Below are some tips to help you decide whether you can place your trust in the next bit of online information you find.
Suggestions for Understanding If What You’re Reading Online is True
Think About it Critically
There are lots of questions you can ask about the next news story you read. Some of these include:
- Who wrote the story? – A reputable news source typically publishes authors’ names. At the very least, you should be able to contact the editor.
- When was it published? – Sometimes old stories receive a new life online. They may be out of date or no longer accurate when you come across them.
- Is this too far-fetched? – Think about what the story is telling you. If it feels like there’s no way this could possibly happen, that could be a red flag. Your news source may be favoring a particular side.
- Is this similar to other stories I’ve read? – If all the stories that you read share a similar bias, you might be in an online news bubble. That’s a good indication that the news you’re receiving is biased. A healthy news diet will include a variety of perspectives, just like a healthy nutritional diet includes a variety of vegetables.

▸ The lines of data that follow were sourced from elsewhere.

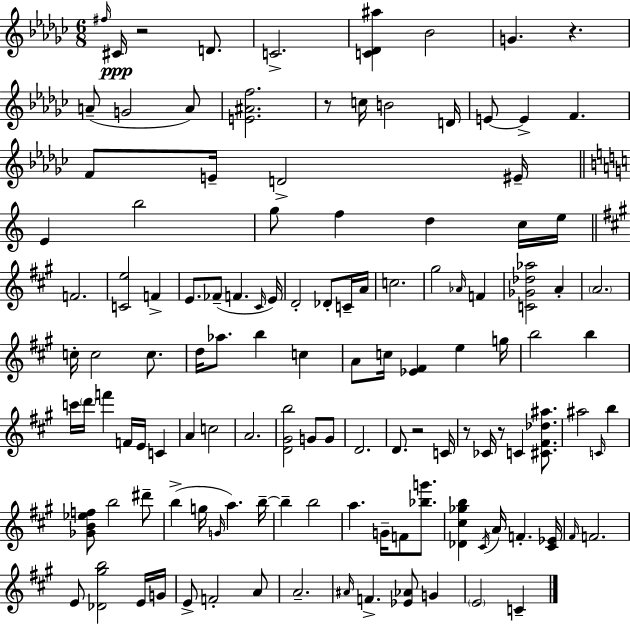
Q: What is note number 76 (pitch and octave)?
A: B5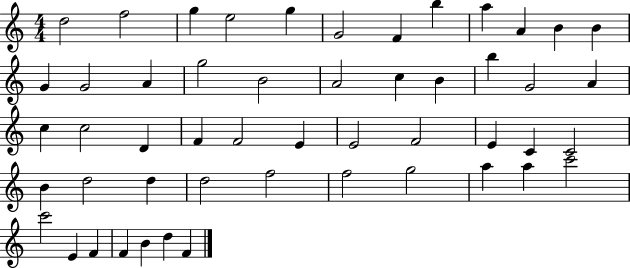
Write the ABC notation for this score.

X:1
T:Untitled
M:4/4
L:1/4
K:C
d2 f2 g e2 g G2 F b a A B B G G2 A g2 B2 A2 c B b G2 A c c2 D F F2 E E2 F2 E C C2 B d2 d d2 f2 f2 g2 a a c'2 c'2 E F F B d F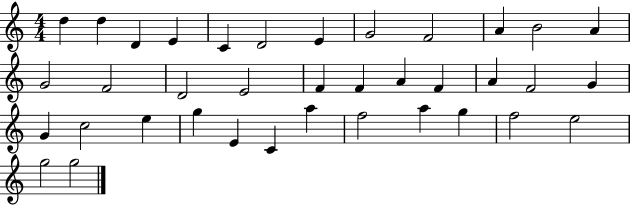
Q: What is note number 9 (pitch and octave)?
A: F4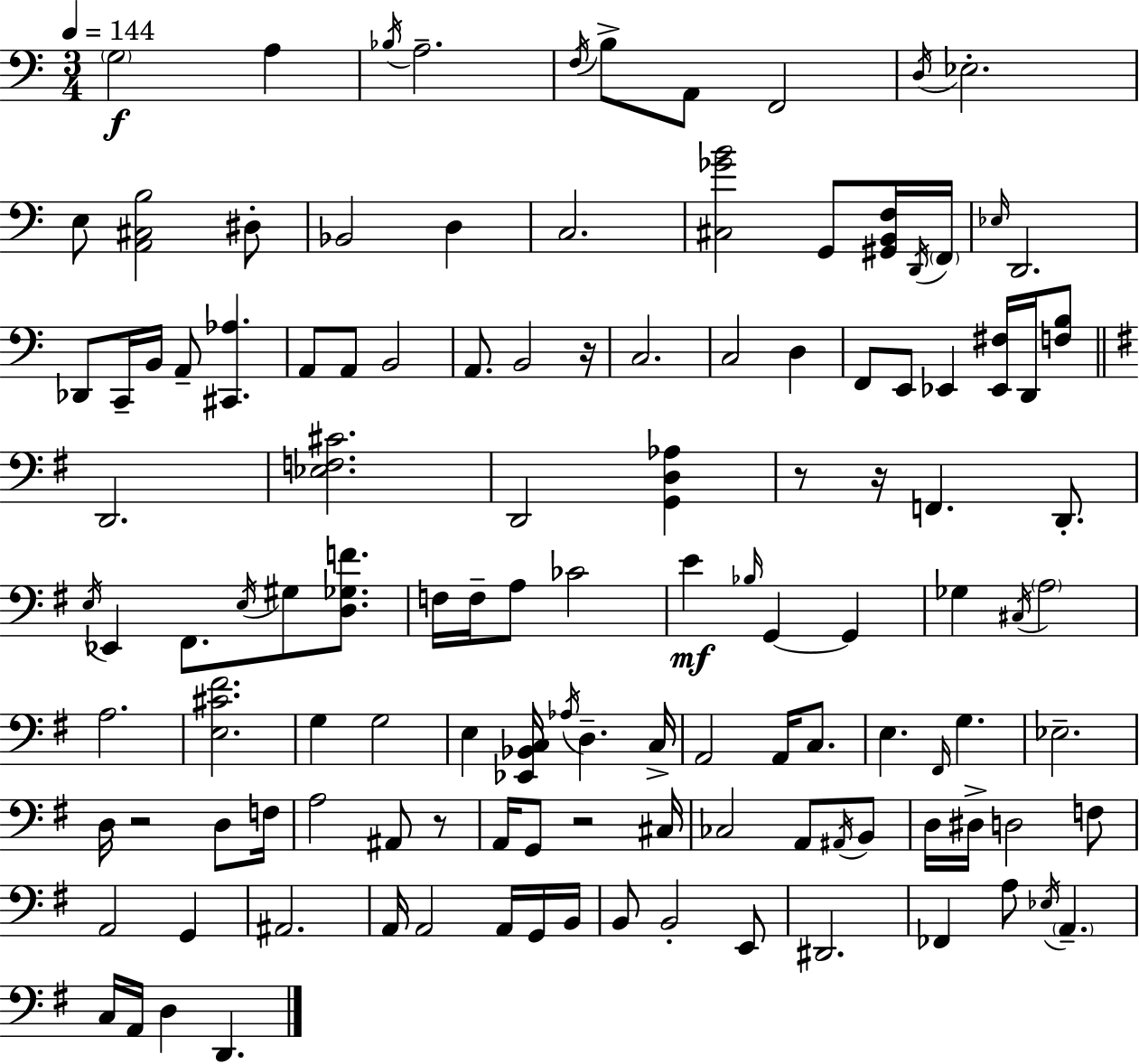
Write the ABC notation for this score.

X:1
T:Untitled
M:3/4
L:1/4
K:Am
G,2 A, _B,/4 A,2 F,/4 B,/2 A,,/2 F,,2 D,/4 _E,2 E,/2 [A,,^C,B,]2 ^D,/2 _B,,2 D, C,2 [^C,_GB]2 G,,/2 [^G,,B,,F,]/4 D,,/4 F,,/4 _E,/4 D,,2 _D,,/2 C,,/4 B,,/4 A,,/2 [^C,,_A,] A,,/2 A,,/2 B,,2 A,,/2 B,,2 z/4 C,2 C,2 D, F,,/2 E,,/2 _E,, [_E,,^F,]/4 D,,/4 [F,B,]/2 D,,2 [_E,F,^C]2 D,,2 [G,,D,_A,] z/2 z/4 F,, D,,/2 E,/4 _E,, ^F,,/2 E,/4 ^G,/2 [D,_G,F]/2 F,/4 F,/4 A,/2 _C2 E _B,/4 G,, G,, _G, ^C,/4 A,2 A,2 [E,^C^F]2 G, G,2 E, [_E,,_B,,C,]/4 _A,/4 D, C,/4 A,,2 A,,/4 C,/2 E, ^F,,/4 G, _E,2 D,/4 z2 D,/2 F,/4 A,2 ^A,,/2 z/2 A,,/4 G,,/2 z2 ^C,/4 _C,2 A,,/2 ^A,,/4 B,,/2 D,/4 ^D,/4 D,2 F,/2 A,,2 G,, ^A,,2 A,,/4 A,,2 A,,/4 G,,/4 B,,/4 B,,/2 B,,2 E,,/2 ^D,,2 _F,, A,/2 _E,/4 A,, C,/4 A,,/4 D, D,,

- Can you trust the sources? – A trusted news outlet names its sources. They’ll include credible data, statistics, and other necessary information to back up the points being made.
Seek Out Established, Responsible Sources
The mainstream media is under a barrage of heat these days. They face a lot of criticism, and much of it may be warranted. However, the fact remains that they pay professional journalists to write their stories.
These journalists abide by established practices designed to uphold their integrity, and that of their publications. All of this results in higher-quality information. Consuming news from these sources is a good way to ensure that what you’re reading online is true.
Think About Why You’re Seeing This Post
If you are on social media and you click on a specific news story, you’re essentially voting for the content you’ll receive. There are algorithms in place designed to show you more, similar content.
This can lead you down a rabbit hole of biased or untrue information.
When In Doubt, Don’t Share
The purveyors of fake news and disinformation are alarmingly good at playing on your emotions. They understand that anger sells. It’s important to separate yourself from that feeling for a moment to think about whether what you’re reading is plausible or not.
If it didn’t come from a quality news source, maybe you can see if a quality news source published a similar article. But if you have any doubt about what you’re currently reading, it’s best not to share.
When you share disinformation, it only benefits those who wrote it – and those it was created to support.
Read Outside of Your Bubble
When you only receive news from social media, you’re likely in a media bubble created by the algorithms feeding you similar stories to the one you read before. It may feel good to reinforce your worldview, but you are likely achieving that with less than stellar information.
In today’s world, it’s more important than ever to achieve a news balance. You can still get your news through the websites or paper publications from reputable sources. It takes more effort to find this information. You can only read social media news that comes from these reputable sources.
It takes more effort, but if you follow these steps, you can be more confident that what you’re reading online is true.